SUPPLIED MATERIAL
====

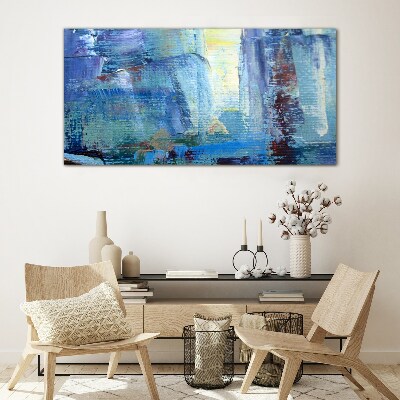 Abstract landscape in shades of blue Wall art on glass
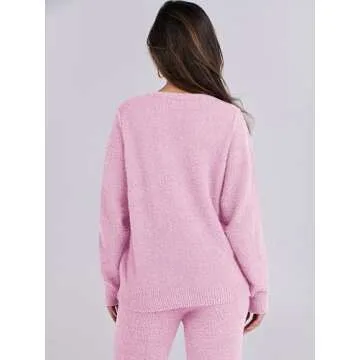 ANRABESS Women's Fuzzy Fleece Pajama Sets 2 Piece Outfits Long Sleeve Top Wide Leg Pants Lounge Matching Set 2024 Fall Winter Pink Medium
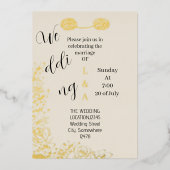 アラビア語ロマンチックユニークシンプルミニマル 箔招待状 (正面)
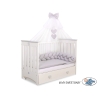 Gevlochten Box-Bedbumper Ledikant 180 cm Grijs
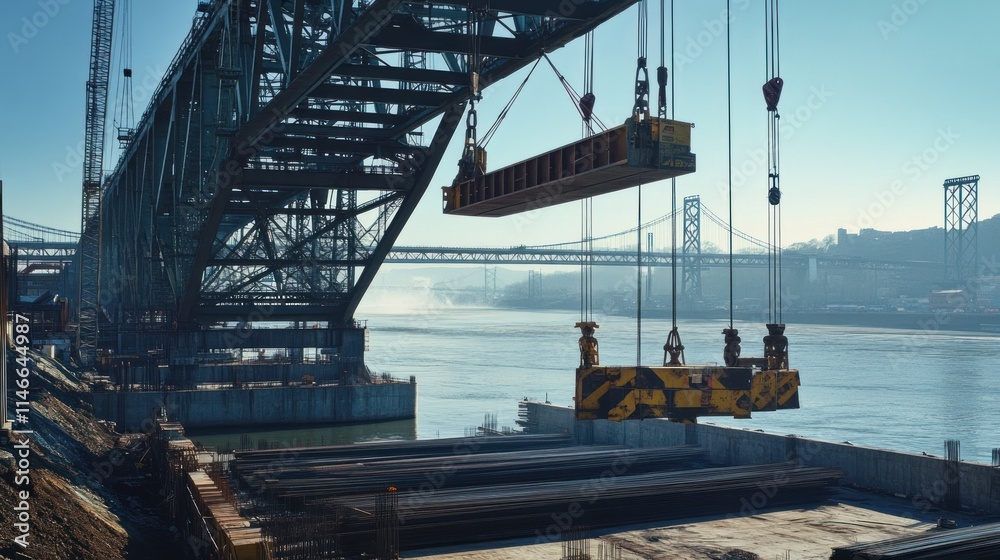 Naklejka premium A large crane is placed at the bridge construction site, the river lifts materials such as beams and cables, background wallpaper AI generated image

====

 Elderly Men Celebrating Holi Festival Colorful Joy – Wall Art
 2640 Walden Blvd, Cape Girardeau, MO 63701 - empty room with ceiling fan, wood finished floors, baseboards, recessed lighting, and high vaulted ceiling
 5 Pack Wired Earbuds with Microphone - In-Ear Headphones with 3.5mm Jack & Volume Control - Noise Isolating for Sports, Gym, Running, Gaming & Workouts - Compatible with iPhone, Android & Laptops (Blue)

====

Only one stretch of the listing is wanted: the lines starting at the one with "ANRABESS Women's Fuzzy" and ending at the one with "Naklejka premium A", copied exactly and free of pictures.

EXERCISE RESULT
 ANRABESS Women's Fuzzy Fleece Pajama Sets 2 Piece Outfits Long Sleeve Top Wide Leg Pants Lounge Matching Set 2024 Fall Winter Pink Medium
 アラビア語ロマンチックユニークシンプルミニマル 箔招待状 (正面)
 Gevlochten Box-Bedbumper Ledikant 180 cm Grijs
 Naklejka premium A large crane is placed at the bridge construction site, the river lifts materials such as beams and cables, background wallpaper AI generated image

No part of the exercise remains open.